Abstract

The hardpan in a lowland rice soil, produced by the puddling process, can both restrict percolation to preserve wet-season rice yield and restrict the root growth and yield of subsequent non-rice crops. Disrupting the hardpan could benefit a post-rice crop grown in the dry season, but may increase wet-season percolation and hence can decrease wet-season rice yield.The effect of hardpan disruption on dry-season maize was assessed in three experiments under different irrigation water input conditions (high input under furrow irrigation, low input by increasing irrigation interval, and, in one experiment, with drip irrigation as well); two on a sandy-loam soil and one on a loamy-clay soil.

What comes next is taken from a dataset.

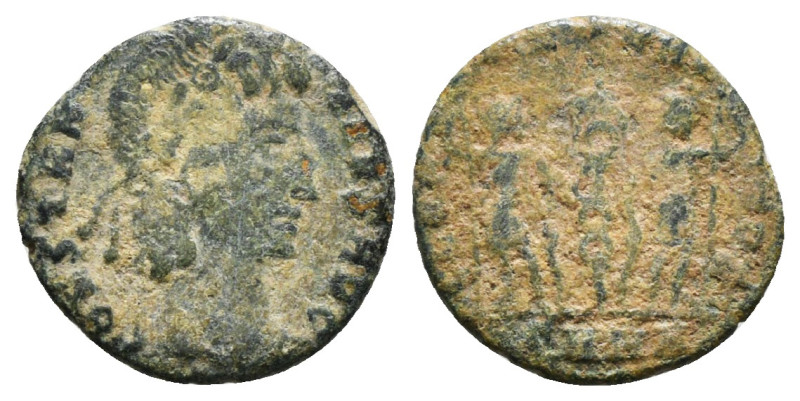 ROMAN IMPERIAL COINS Coin AE 1,64 g - 14,90 mm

The effect of disruption on subsequent wet-season percolation was measured in two of these experiments.On a loamy-clay soil, the hardpan had a soil mechanical resistance (SMR) of 3.1MPa and hardpan disruption had no effect on maize grain yield. On a sandy-loam soil with a hardpan of average peak SMR of 4.5MPa, in one year, disruption increased yield by 14% and there was no interaction between hardpan disruption and water input. In the previous year with an average peak hardpan SMR of 5.2MPa, however, there was interaction between hardpan disruption and water input: hardpan disruption increased grain yield and water productivity (grain yield per unit water input) by 29% with drip irrigation and by 24% with high water input, but had no significant effect with low water input.Hardpan disruption had no effect on percolation in the following wet season, although it increased percolation by 56–70% in two of the four fields in the first 30 days after transplanting. Consequently, hardpan disruption gave gross benefits 2.7–9.8 times the costs of disruption, with a maize price of US$ 180t−1, in those situations where it increased maize grain yield.